FRANKFORT, Ky. (March 21, 2018) – The latest version of Kentucky’s next budget passed the Senate today – and it contained no new taxes.
“It reflects our priorities by committing to not raising taxes on hardworking Kentuckians for errors of omission or commission from previous generations of politicians,” said Senate Appropriations and Revenue Chair Christian McDaniel, R-Taylor Mill. “We placed high priority, and honored the requirement of the constitution, to present a balanced budget.”
He said the budget, contained in House Bill 200, reflects a commitment to public safety by investing in law enforcement, the state crime lab, frontline social workers and foster and adoption services.
McDaniel said HB 200, as amended in committee, further reflected a commitment to education. He said it did this by investing record amounts in per-pupil funding for schools, known as Support Education Excellence in Kentucky (SEEK), and funding school transportation at historic records. That’s in addition to moving to performance-based funding for the state’s eight public universities while ensuring funding for Western Kentucky University and Northern Kentucky University are on par with the state’s other six universities.
“We also maintain our focus on solving the thorniest issue facing the commonwealth, which is the unfunded liabilities in our pension systems by investing record dollars into the Kentucky Retirement Systems, while fully funding the statutory requirement to the Kentucky Teachers’ Retirement System,” McDaniel said.
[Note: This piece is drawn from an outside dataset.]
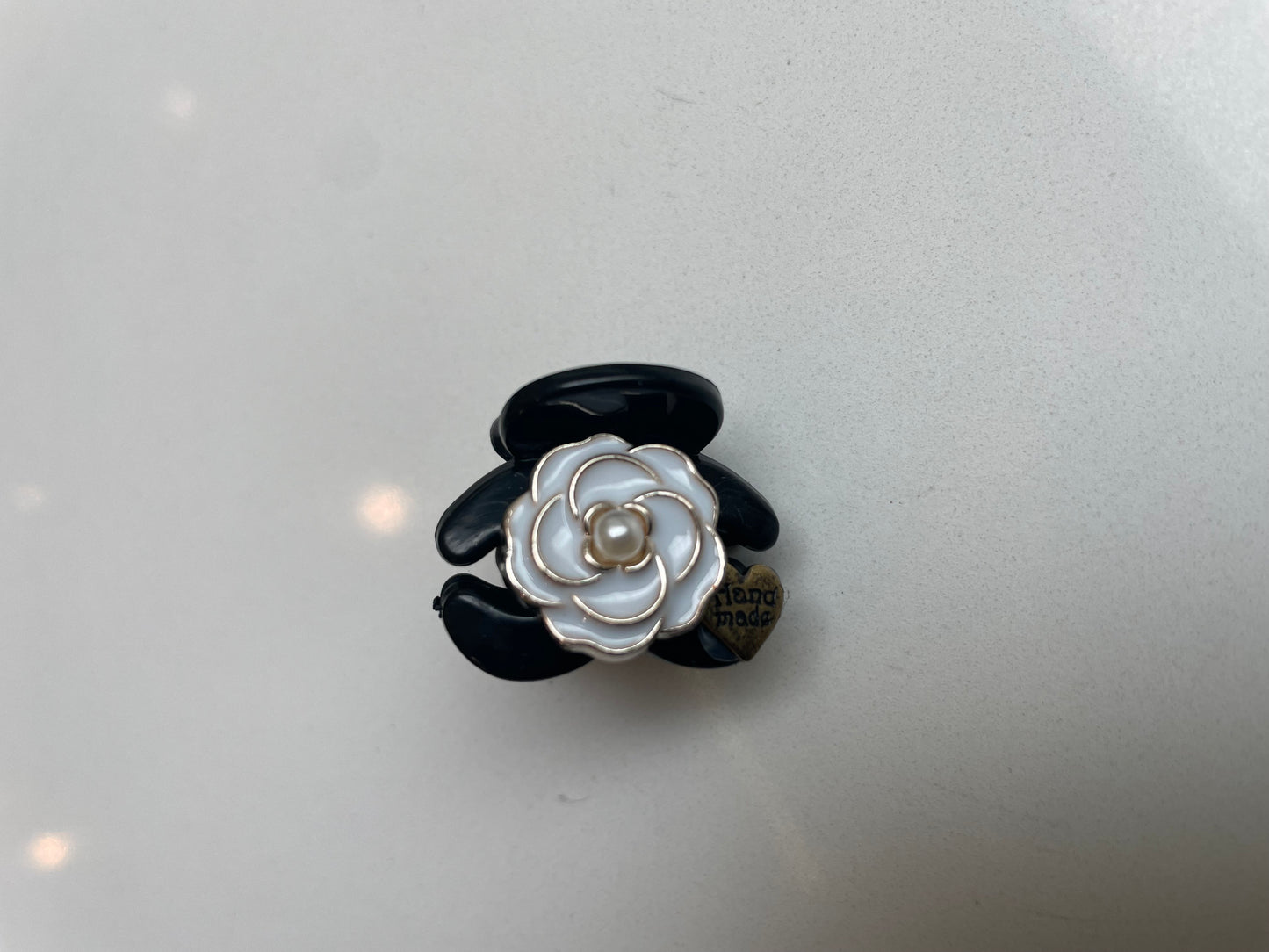 3cm - Elegant Handmade Black Rose Hair Clip, Classic Pearl Accent, Crystal Detail, Stylish Accessory for Women and Girls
He added that the Senate’s version of the budget does not continue to fund the legislators’ own retirement plan. That money is instead budgeted for the Kentucky Employee Retirement System non-hazardous plan, which McDaniel said was the worst-funded pension in the nation.
The Senate plan added another $100 million per fiscal year for the state police retirement system. That is in addition to $425 million for the fiscal year 2019 and $392 for fiscal year ’20 for that non-hazardous retirement fund.
For the teachers’ retirement system, the Senate plan provided the 13 percent statutory required funding. While the Senate plan doesn’t contain $59.5 million for retired teachers’ health care, it would use a nearly $1 billion trust fund to pay for the insurance. McDaniel said the bill would also ensure the retirees’ premiums wouldn’t go up just because of that funding change.
The Senate plan added language to direct $8.5 million in the fiscal year 2019 to the state education department for local school districts that are impacted by the loss of tax revenue on unmined mineral assessments. That’s in addition to $1.75 million in each fiscal year for school technology in coal counties.
Those provisions, and others designed to help Eastern Kentucky, prompted Sen. Brandon Smith, R-Hazard, to praise the Senate plan. He said the budget would keep some Eastern Kentucky school districts from having to close their doors. Smith said, however, that he hopes more funding for the area could be added as the bill works its way through the remainder of the legislative process.
“But every investment comes with a cost,” McDaniel said. “We are not able to invest in many programs to attract new industries and create expansion opportunities, but we do invest in our most valuable resources. That is our teachers, public servants and our children.”
McDaniel said the governor’s proposed budget recommended reductions of 6.25 percent in the upcoming biennium in most budget areas. He said the Senate’s version of the budget generally applied the cut to the executive branch except for veterans’ affairs and state police.
Sen. Morgan McGarvey, D-Louisville, said legislators should have been given more time to review a measure that directs how Kentucky will spend about $22 billion over the next two fiscal years.
“But no matter what is in the budget, I don’t think that it fully and accurately captures the idea that we don’t have enough money to run the basic needs and obligations of state government as it currently exists,” he said. “Until we recognize that, and until we do something about that, we will not be passing or providing the funding for a government the people of Kentucky require.”
Sen. Tom Buford, R-Nicholasville, said the Senate vote was just a step in the process, adding the budget would change in a conference committee. That’s a group of legislators who meet for the purpose of reconciling differences between House and Senate versions of bills.
“Yes, to many this is a hard-candy Christmas,” he said in reference to the lean budget. “There comes a time when you have resources that are tight. We have a lot of issues here we have to deal with that are not normally on the table.”
He then warned of the chaos of not passing a budget.
“I can tell you that’s very unpleasant,” Buford said. “The schools don’t get their money. No one gets their money. You kind of leave it on the governor’s table to make these necessary government expenditures, and it is not fun.”
HB 200 passed by a 26-11 vote.
Also approved today were the amended legislative budget (House Bill 204) and judicial budget (House Bill 203), which where were passed by Senate votes 36-2 and 26-12 respectively. McDaniel said both HB 204 and HB 203 budgets contain 6.25 percent cuts for all non-constitutional functions.
All three bills now go back the House for consideration of the Senate changes.